What the task requires.
Reproduce the whole of the data exactly.
Record excerpts below:
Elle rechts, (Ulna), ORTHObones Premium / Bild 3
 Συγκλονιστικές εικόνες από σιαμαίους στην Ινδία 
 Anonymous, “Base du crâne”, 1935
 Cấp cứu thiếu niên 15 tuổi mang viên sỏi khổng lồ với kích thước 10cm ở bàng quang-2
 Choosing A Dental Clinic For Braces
End of Record excerpts.
Answer space.
Elle rechts, (Ulna), ORTHObones Premium / Bild 3
 Συγκλονιστικές εικόνες από σιαμαίους στην Ινδία 
 Anonymous, “Base du crâne”, 1935
 Cấp cứu thiếu niên 15 tuổi mang viên sỏi khổng lồ với kích thước 10cm ở bàng quang-2
 Choosing A Dental Clinic For Braces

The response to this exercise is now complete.